Local resident and former Afan Lido worker Harry Worth remembered what happened after the initial removal operation, which proved only partially successful. Speaking in 2021 aged 73, he said: "After the children drowned the local authority decided to blow them up – with limited success. They removed a lot of it but then in 1974 they reappeared – you could see skeletons of both ships.
"The local authority again did work to remove what they could [in 1976]. It was quite dangerous when they were just covered with water because children could run down the beach not seeing them. We haven't seen them reappear on the beach since then though."
Though the remains of the two ships can no longer be seen at Aberavon beach, their legacy remains in the form of the RNLI lifeboat station on the seafront, which was established in the years that followed the 1959 disaster. There, you can find a large anchor from the SS Brodland. It stands as a poignant reminder of those impacted by the shipwrecks, including the children who lost their lives and the crews aboard the two vessels.
Robbie Harris, former RNLI secretary at the Aberavon station, played a part along with Mr Worth in bringing the anchor to the station in 2000 from council land where it had been sitting since its discovery in 1972.

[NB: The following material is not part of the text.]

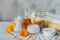 A bottle of pot marigold tincture, ointment, cream with fresh and dry Calendula flowers and cotton pad and sticks on a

Speaking in 2021 aged 69, he said: "The local authority had to move the wrecks because at that point in time the beach was becoming very popular. A lifeboat station was then established, because of the drownings, around 1966. A group of local businessman and local workers got together and decided a lifeboat was required on the beach due to it being busy.
"[Mr Worth] was a local authorities manager [in the 1990s] and he prompted me about the old Brodland anchor that had been recovered following the wreck. It was basically just in a council yard doing nothing so I spoke to a few local councillors and they decided to give us the anchor. I arranged with builders from Andrew Scott, who were very helpful with the lifeboat station for a number of years, and they picked the anchor up from the council yard – it had been there for 40 years.
"We arranged with the builder of the station to put two plinths down and the council kindly donated it to the station and it's there now with a little plaque made by apprentices in the steelworks."
The plaque, which is still there today, reads: "Plaque commemorates saving of 33 lives from the SS Brodland, wrecked on Aberavon sands on January 20, 1913. The anchor from this vessel was kindly donated by Neath Port Talbot county borough council."